City of Gary v. Allstate Ins. Co.

Decision Date08 September 1992
Docket NumberNo. 04A03-9202-CV-31,04A03-9202-CV-31
Citation598 N.E.2d 625
PartiesCITY OF GARY and the City of Gary Police Department, Appellants-Third Party Defendants Below, Luis Deluna, Jr., Appellant-Plaintiff Below, v. ALLSTATE INSURANCE COMPANY, Appellee-Defendant-Third Party Plaintiff Below.
CourtIndiana Appellate Court

Nathaniel Ruff, Lesniak & Ruff, East Chicago, for Luis Deluna, Jr.

Eric Oden Clark, Gary, for City of Gary and City of Gary Police Dept.

Robert D. Brown, Spangler, Jennings & Dougherty, P.C., Merrillville, for Allstate Ins. Co.

STATON, Judge.

In this consolidated appeal, the City of Gary and the Gary Police Department (City), along with Luis Deluna, Jr., appeal the trial court grant of summary judgment in favor of the defendant and third-party plaintiff Allstate Insurance Company (Allstate). The appellants contend that the grant of summary judgment was in error. Allstate claims that the appellants are collaterally estopped from challenging the summary judgment.

We reverse.

The material facts are not in dispute. On or about December 9, 1986, Deluna was operating a City-owned police car while in the course and scope of his employment as a Gary police officer when his car struck a vehicle driven by Hanford Reed. Deluna sustained personal injuries and sued Reed. When it was learned that Reed's insurance company became insolvent, Deluna added a second count to his complaint against Allstate under the uninsured motorist provisions of his own insurance policy. Allstate filed a third-party complaint against the City, alleging that, as the insurer of the police car, the City was primarily liable for uninsured motorist coverage. The trial court agreed, and granted Allstate's motion for summary judgment.

Standard of Review

On an appeal from the grant of summary judgment, we must determine whether the record reveals a genuine issue of material fact and whether the trial court correctly applied the law. Shuamber v. Henderson (1991), Ind., 579 N.E.2d 452, 454. Summary judgment will be affirmed if it is sustainable upon any theory supported by the record. Kolczynski v. Maxton Motors, Inc. (1989), Ind.App., 538 N.E.2d 275, 276, trans. denied.

I.

Before we address the appellants' contentions, we consider Allstate's claim that the appellants are collaterally estopped from relitigating the issue of whether the City is primarily liable for uninsured motorist coverage because a virtually identical issue was raised and resolved against the City in a separate, unrelated lawsuit. The other suit also involved a Gary police officer, Roger Smith, who sued the City for uninsured motorist coverage after being injured in an automobile accident while working. The City did not appeal the prior ruling, which was entered less than a month prior to the judgment in the present case. Allstate argues that issue preclusion is appropriate because Smith and Deluna, who are both Gary police officers, are in privity, and the remaining elements of collateral estoppel have been satisfied.

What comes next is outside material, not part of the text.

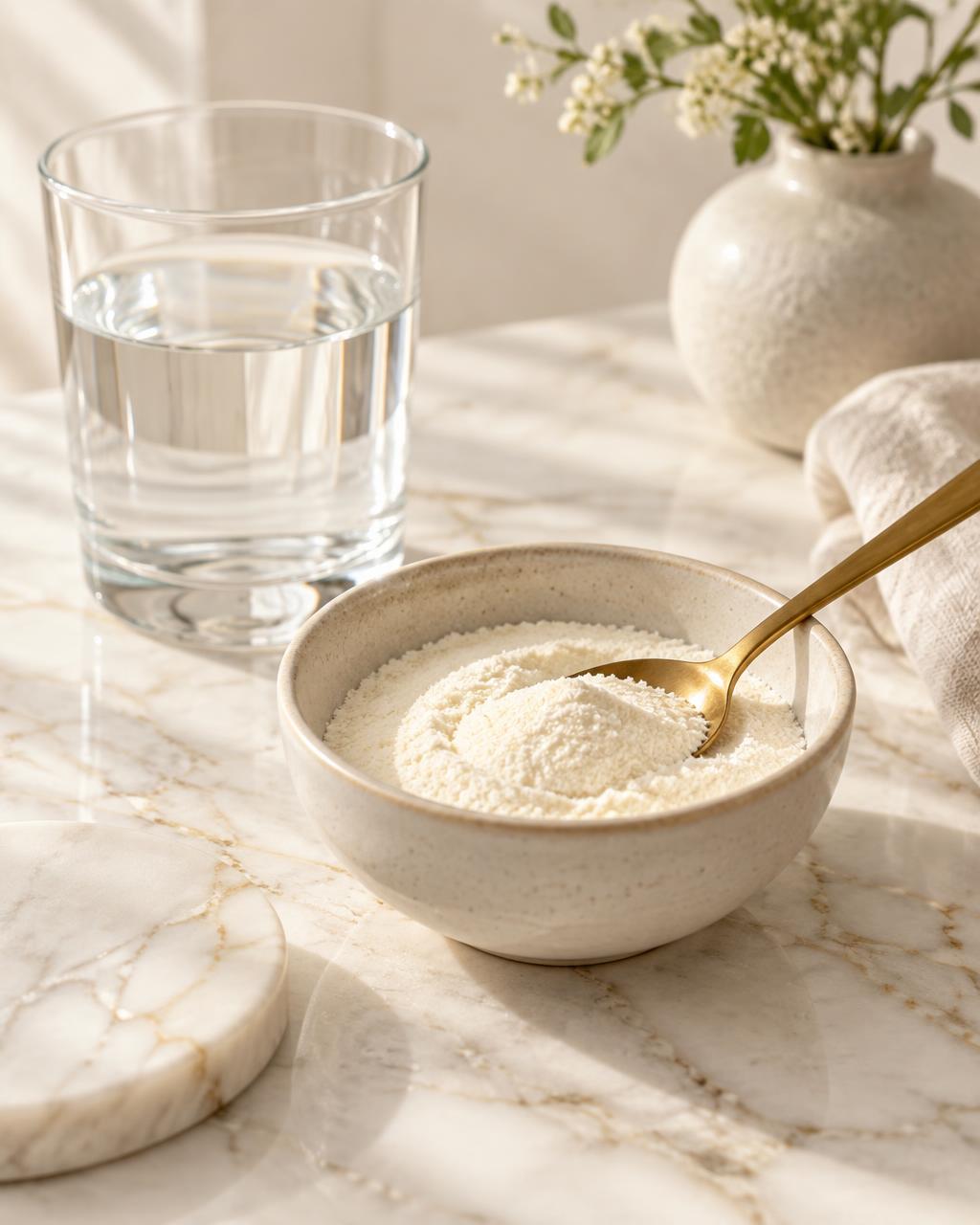 Collagen powder in a ceramic bowl with a gold spoon beside a glass of water on cream marble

In an opinion recently issued by this court, Judge Hoffman examined the doctrine of collateral estoppel, or issue preclusion, and concluded that this branch of res judicata can bar the relitigation of an issue, even though privity of parties and mutuality of estoppel are absent. White v. Allstate Insurance Co. (1992), Ind.App., 591 N.E.2d 586. Despite the abandonment of the privity requirement, Judge Hoffman noted that issue preclusion would not bar the relitigation of an issue unless it was shown that the party against whom estoppel is asserted had a full and fair opportunity to litigate the issue previously. Id. at 590 (citing Blonder-Tongue Laboratories, Inc. v. University of Illinois Foundation (1971), 402 U.S. 313, 91 S.Ct. 1434, 28 L.Ed.2d 788). To estop a party who has not been afforded a chance to present evidence and arguments on an issue would offend principles of due process. Blonder-Tongue, supra, at 329, 91 S.Ct. at 1443.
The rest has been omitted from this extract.